Italian Archaeological Mission in Sudan - Jebel Barkal (Meroitic Sector)

The archaeological area of Jebel Barkal (18°32′12″N 31°49′42″), in Northern Sudan, is a UNESCO World Heritage site since 2003. The site is named after the mountain (Arabic: jebel, جبل ) dominating its landscape: an approximately 100 meters high sandstone plateau rising on a flat wasteland marked by some shrubs.

Not far away, the Nile river flows – backwards in this area, from north to south – making the banks flourish and allowing the cultivations of date-palms.

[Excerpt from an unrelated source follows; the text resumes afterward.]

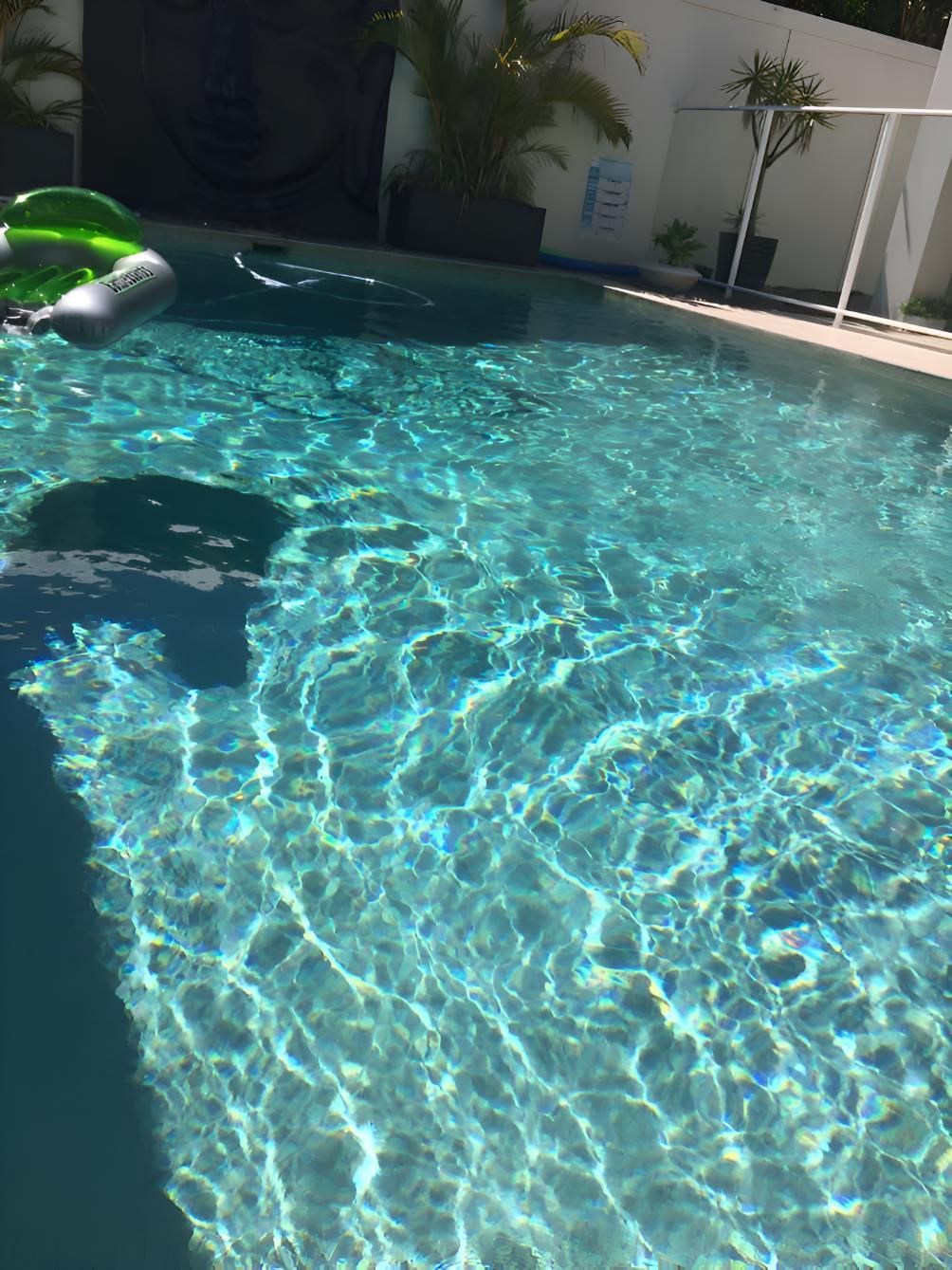 A Swimming Pool With A Green Floatie — Aqua Duck Pool Care In Landsborough, QLD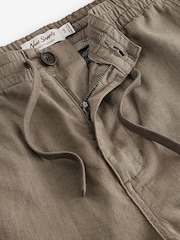 Mushroom Brown Linen Cotton Elasticated Drawstring Trousers - Image 7 of 9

The modern town of Karima lies north-east of the Jebel and is located 400 km north of Khartoum and 600 km south of the Egyptian border.

Here the Italian Archaeological Mission has been operating for its 45 years of field work.

Brief story of the site

In the mid-15th century BCE, king Thutmosis III reached the Fourth Nile Cataract and placed a stela at Jebel Barkal to mark the southernmost frontier of Egypt.

Under the shadow of the ‘Pure Mountain’ and of its cobra-shaped pinnacle, the cerimonial cenrte of Napata thrived.

During the 3rd century BCE, with the relocation of the royal necropolis at Meroe in the south, the Meroitic Period began.

After the Roman conquest of Egypt (30 BCE) Meroe established diplomatic relations and reciprocal political influences with Rome. The following era brought stability and wealth to Nubia. It is in the 1st century CE that the foundation of the royal district of Natakamani at Jebel Barkal can be dated.

Story of the Mission

The activity of the Italian Archaeological Mission in Sudan began in 1973 with Sergio Donadoni, Professor of Egyptology at ‘La Sapienza’ University in Rome.

Donadoni arrived in Sudan after taking part in the UNESCO project for the salvage of Nubian antiquities threatened with the flooding of Lake Nasser.

The first excavations brought to light the remains of two temples, but it was only in 1978 that the Italian archaeologists discovered the Royal Palace of Natakamani, destined to become pivotal in the research activities of the following forty years.

The monumentality of this building was confirmed by the subsequent discovery of some lion statues, that were to decorate and protect at least three of its four entrances.

In 1989 Professor Donadoni retired and left the direction of the Mission to his successor in the Chair of Egyptology, Alessandro Roccati, who held it for 21 year.

In 2011 the direction was handed to Emanuele Ciampini, Professor of Egyptology at ‘Ca’ Foscari’ University of Venice.

The new team of specialists and young researchers pursues an idea of renewal for the site, aimed at archaeological investigation, conservation and a more facilitated fruition by visitors.

The Mission is funded by Ca’Foscari Fund for archaeological excavations, by the Ministry of Foreign Affairs and International Cooperation, and from 2014 to 2019, it has been part of the Qatar-Sudan Archaeological Project (QSAP) international programme.